This kid is just amazing. Earlier today she was switched over from the oscillator to the ventilator and she has done incredibly well. So well in fact, that the plan is to extubate her tomorrow. That is really amazing considering how ugly her lungs looked five days ago. There really is nothing else to say but she keeps amazing those who are in charge of her care.

Rafi was being given a drug that literally paralyzed her while she was intubated. We took her off that drug this afternoon and gave her some propofol to keep her nice and sedated. We really don’t want Rafi moving around much for fear of her hurting herself while she has the tube in her. Mainly the tube could hurt the inside of her mouth and her throat pretty badly. In switching her over from the paralytic, Rafi became mildly lucid as she moved around. It was great to see. She could answer yes and no questions.
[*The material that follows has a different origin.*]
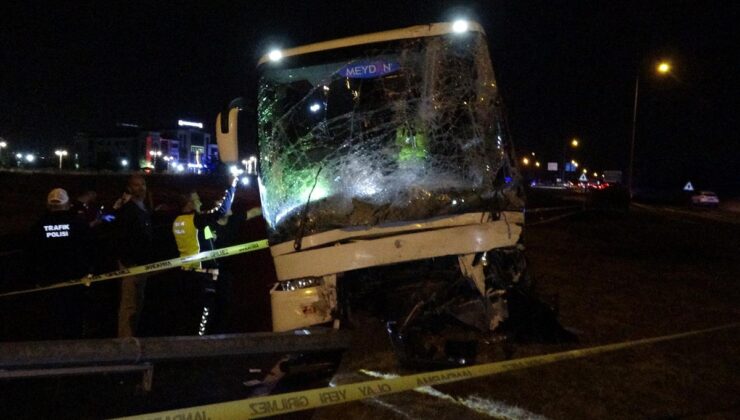Otobüs ile çarpışan hafif ticari araçtaki karı-koca öldü: 3 yaralı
Later on, as we were repeatedly increasing the dosage of the propofol to higher and higher levels to keep her sedated, Rafi was very clearly and appropriately responding to yes and no questions. This surprised the fellow and the attending, being that her dosage was so high. To give you an idea, the fellow was telling us how 150 should be plenty on the dosage because most children did well on that. We laughed at him. At 200, she was answering yes and no questions. We asked Rafi is she wanted Tylenol, she shakes her head yes. Do you want to watch The Incredibles, she shakes her head no. No one ever listens when we tell them she will need larger amounts of sedation.

If all goes well tomorrow, we could be back in our room on 5D by Monday evening. That is incredible considering they told us the average stay on 5C was two to three weeks. Tomorrow will be Rafi’s sixth day.